= Arthur Cogswell =

American architect

Arthur Ralph Cogswell Jr. (October 29, 1930, in Jacksonville, Florida – September 29, 2010) was an American architect known for his work in the Modernist school, primarily designing homes in North Carolina.

==Education==
He graduated in drama in 1952 from the University of North Carolina at Chapel Hill and received an architectural degree from the Design School at North Carolina State University in 1959. He served in the Air Force during the Korean War.

==Career==
Following his graduation, Cogswell worked for Don Stewart at CPAA. He opened his own firm in 1962. In 1967 he and his partner Werner Hausler formed the firm Cogswell Hausler Associates.

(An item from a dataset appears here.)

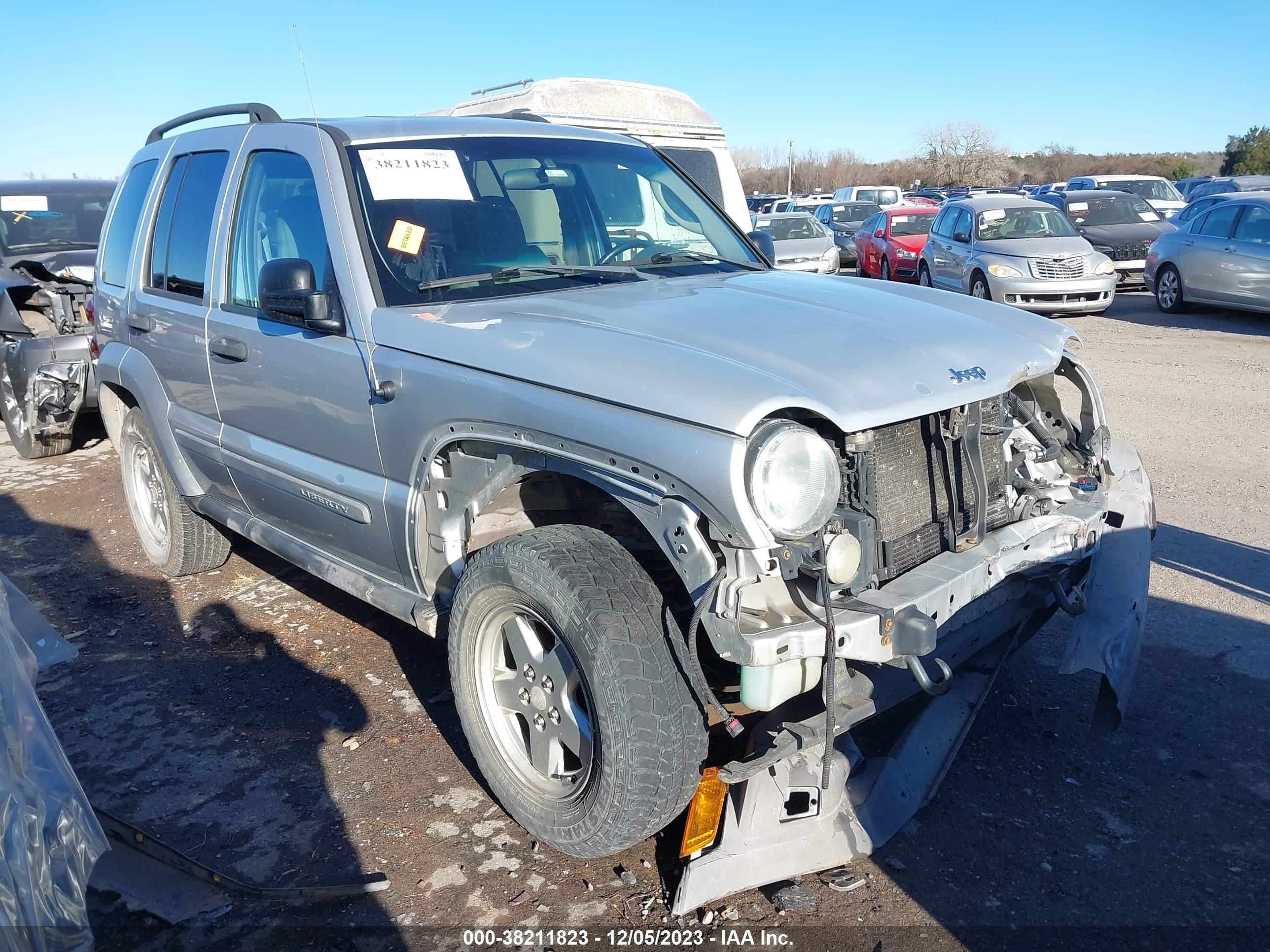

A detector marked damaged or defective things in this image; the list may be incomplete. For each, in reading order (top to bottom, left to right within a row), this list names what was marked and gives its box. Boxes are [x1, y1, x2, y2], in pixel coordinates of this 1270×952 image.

wrecked vehicle [1, 183, 117, 461]
damaged jeep liberty [97, 104, 1152, 918]
wrecked vehicle [94, 101, 1160, 915]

In 1972, Cogswell was named an FAIA; at the time he was the youngest architect (age 42) to receive that honor. He left a legacy of mid-century houses that are still prized today. In 2012 he was posthumously awarded the AIA NC Kamphoefner Prize.

==Projects==
Cogswell designed a few commercial projects, including the Duke Faculty Club, since destroyed. Most of his projects were residential homes in the Modernist style, designed during the period 1960–1977. In his last years, he was occupied with an innovative process to relieve famine in Libya using Modernist architectural processes.

==Personal==
Cogswell was married and had two daughters. He died September 29, 2010, from an accidental head injury sustained while walking his dog.